お伊勢参りを全国に広げた「御師(おんし)」による参宮客の饗応について、その仕組みから、お神楽、もてなしの料理に至るまで、幅広い研究の一部をご紹介いただいた。なお現在、三重県総合博物館では「御師」の館やもてなし料理「神楽膳」が復元展示されている。

御師(おんし)は伊勢信仰を全国に広めた神職のことを言い、諸国を巡りお札を配るとともに、全国からの参宮者を宇治(内宮前の町)・山田(外宮前の町)で受入れてもてなし、祈祷もおこなった人々です。御師の館(宿坊のイメージ、御師の館に泊まることを「坊入り」といった)には参宮客が宿泊し、お神楽を奉納したり、神楽膳と呼ばれる豪華な料理を楽しみました。

江戸時代の宇治・山田での参宮客の食の特徴をまとめると①「本式の本膳料理であった。伊勢・志摩の豪華な食材が使用されていた。」②「貴人や神事に限定されていた白木膳と朱椀を使用。」

ということになりますが、次に神楽膳がどのように信仰とか、祈りに結び付いていたのか、どういう場面で食べられたのかということを見てまいります。

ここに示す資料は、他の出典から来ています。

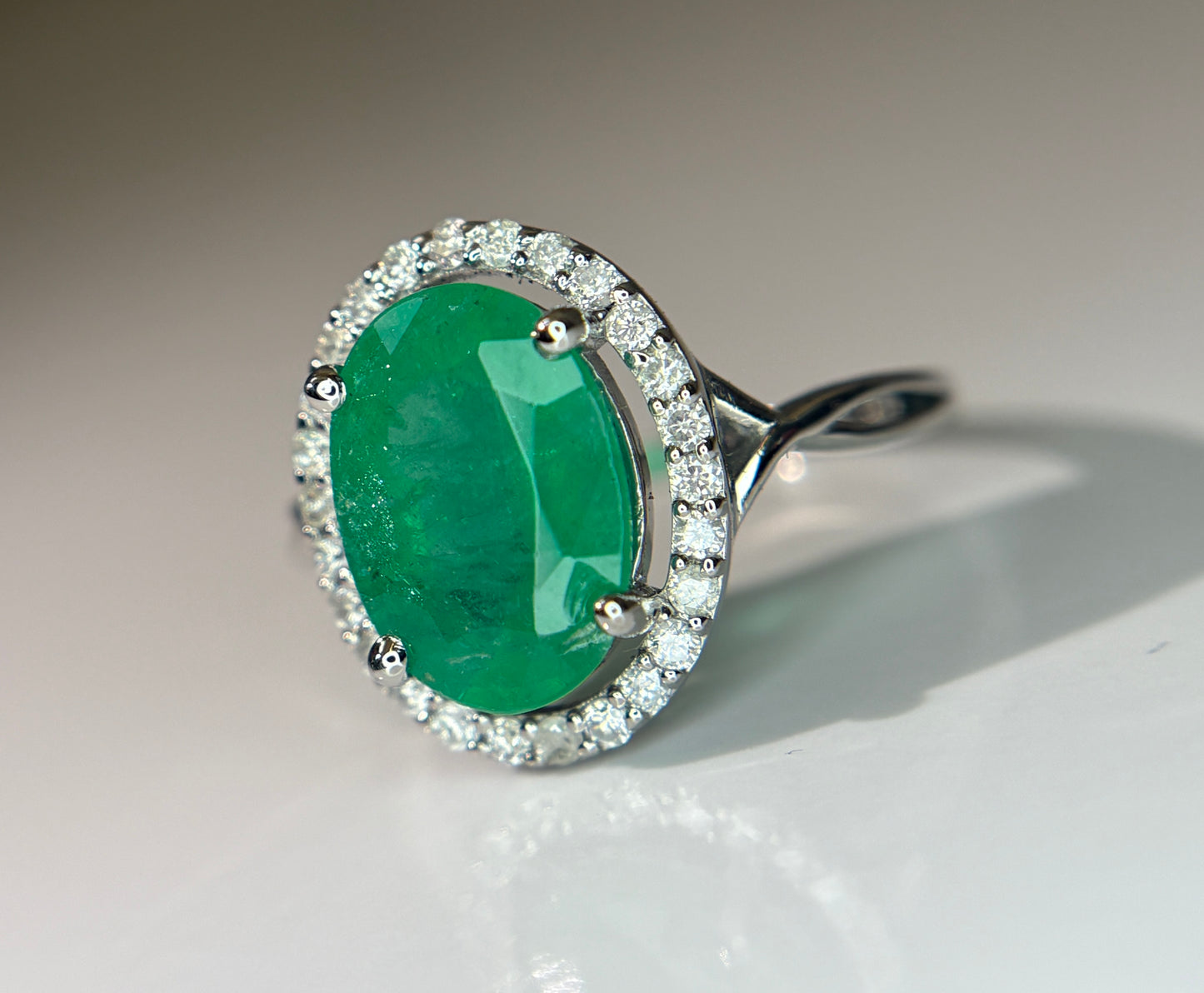 Beautiful 2.70 CT Natural Emerald Ring With Natural Diamonds & Platinum 950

伊勢参宮の行程を確認するために、道中記や旅行案内記などいろいろと資料を見てあらためてわかってきたことがありました。寛政9年(1797)刊『伊勢参宮名所図会』を参考にすると:

  • 全国各地から宇治・山田周辺を目指してやってきた参宮客は新茶屋(明和町 宮川の渡しの前)に到着して宿に入ります。さきほどガンジス川の話がございましたが、宮川が一つの結界になっていて、そこに到着すると、御師の家来が挨拶にきて、食事の差し入れが届く。そして宮川を渡ると、御師の手代と会うことになります。
  • 宇治・山田に到着して、最初に行くのは二見浦の遊覧でした。ここでも清めをし、穢れを落として斎戒沐浴しました。
  • 御師の屋敷に到着。御師の格式は高いので、上座から歓迎の挨拶をしたようです。
  • 2日目に外宮参拝となります。帰ってきてから御神楽の奉納。この太々神楽の奉納がだいたい4時間。それから神饌を撤下されます。さらにその後で席を変えて神楽膳がでてくることになります。つまりお祈りが終わった後にでてくるお膳であったわけです。神饌の下には米俵がおかれていました。これは外宮の形式ですが米を大切にしていたことがよく分かります。
  • 内宮・朝熊(あさま)を参拝
  • ここから後はオプションになりますが、弥次さん、喜多さんが京都に行ったように西国巡礼にいった人々も多かったようです。伊勢参宮とは異なり、西国巡礼はストイックな旅だったと思われます。

伊勢参宮が日本の食文化に与えた影響という点を考えると

  • 料理が道中記に記され、献立が全国に持ち帰られて広まったこと。
  • 伊勢で日本料理の本式の膳を食べることは、江戸時代の人びとにとって重要な食体験であり、当時の人びとが共通に想起できる本式の料理だったと思われます。

御師制度は廃絶され、これにより神楽膳の儀礼的な意味もなくなり、今は料理自体も消えています。